A ilusão dos produtos de capital garantido

Quando se fala em investir e se pergunta aos novos investidores os seus principais receios, a questão “risco de perder dinheiro” vem logo ao de cima e isso afasta-os, naturalmente, dos produtos sem capital garantido. A questão da gestão de risco já foi abordada num outro artigo, disponível aqui, mas agora vamos aprofundar mais a questão dos produtos de “capital garantido”.

O que significa ter capital garantido?

O facto de um produto de poupança ter a indicação de “capital garantido” significa que o dinheiro que lá colocarmos não desparece nem baixa de valor, pelo menos de forma absoluta. Se colocarmos 1.000€ num determinado produto de capital garantido, então esses 1.000€ estarão lá sempre, independentemente do que aconteça, ou pelo menos é isso que se espera. Claro que sobre estes 1.000€ iremos ganhar algum eventual juro que o produto pague.

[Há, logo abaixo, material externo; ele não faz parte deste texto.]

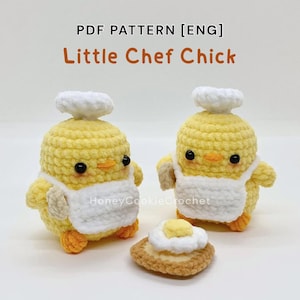 Könnte beinhalten: Zwei gehäkelte gelbe Küken mit weißen Schürzen und Kochmützen, mit einem gehäkelten Spiegelei. Der Text "PDF PATTERN [ENG] Little Chef Chick" steht oben. Die Küken haben schwarze Augen und orangefarbene Schnäbel.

A conjugação das palavras “capital garantido” fazem brilhar os olhos dos portugueses, de uma forma geral, já que veem neste tipo de produtos a única forma de colocar o seu dinheiro “de lado” e, muitas vezes, sem saberem muito bem o que significa e onde estão realmente a colocar o seu dinheiro ou quem garante a sua segurança e o seu capital garantido.

Quem garante o capital?

A resposta a esta questão depende largamente do produto em que questão, mas em primeira instância será a própria entidade que comercializa o produto, normalmente bancos ou seguradoras. Essas entidades, devidamente auditadas pelas autoridades competentes têm a responsabilidade de garantir que o dinheiro colocado nesses produtos está efetivamente disponível para ser levantado se assim o quisermos.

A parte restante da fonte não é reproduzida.